What does any logical formula express? It expresses the logical form of this statement, i.e. the form of abstract thought that is contained in it. This form appears in artificial languages ​​of logic in a form convenient for logical analysis: briefly and precisely.

Let us consider with an example how, analyzing with the help of truth tables, a logical formula of a complex utterance, they reveal the conditions of its truth, or, in other words, how a tabular study of the logical form of a truth statement is conducted.

In the formula p q r three different propositional symbols, each of which can have one of two truth values ​​— either true or false.
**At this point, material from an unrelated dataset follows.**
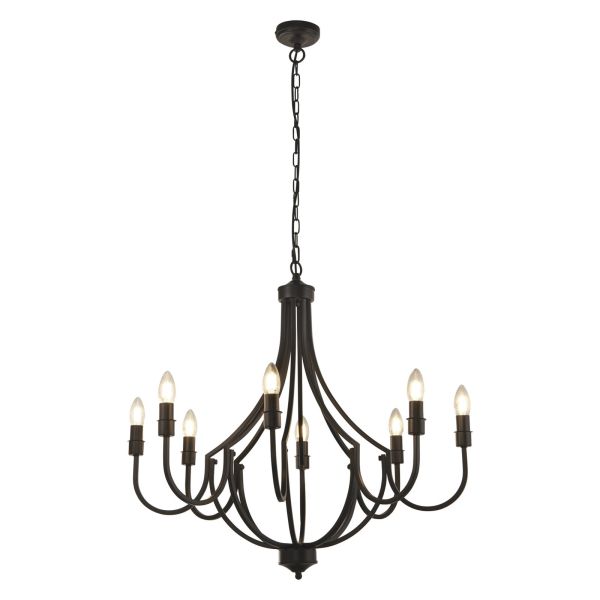 Żyrandol Searchlight 82918-8BK Lodge 8Lt KD Chandelier - Black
We calculate, using the combinatorics rule, the number of combinations of these values ​​for three characters: 2 3 = 8. This means that there will be eight rows in our table. With two propositional characters, there would be only four lines (2 2 = 4).

Now let's start building the table, writing down the values ​​of the characters in the column under each of them:

R		q		r
0 0 0 0 one one one one		0 0 one one 0 0 one one		0 one 0 one 0 one 0 one

Attention should be paid to the combination search algorithm: under the first character we write four times "0" and four times "1", under the second - in pairs "0" and "1", under the third - alternately "0" and "1". As a result, none of the lines repeats the others and all combinations of truth values ​​are taken into account. It remains to conduct a study of the logical constants contained in the formula, in accordance with their semantic values:

R		q		r
0 0 0 0 one one one one	0 0 one one one one one one	0 0 one one 0 0 one one	one one 0 one 0 one 0 one	0 one 0 one 0 one 0 one

The truth of this formula is determined by the penultimate column. We see that not all combinations of the truth values ​​of propositional symbols result in true. In the study of forms of statements, there are three options. First, the formula, as in our case, may be feasible, i.e. there are combinations of the meanings of propositional characters that lead to truth, but there are also those that do not. Secondly, the formula may turn out to be identically true (universally significant, or the law of symbolic logic). In this case, for any set of variable values, the result is true. Third, the formula may turn out to be identically false, i.e. for any set of variable values ​​that are false.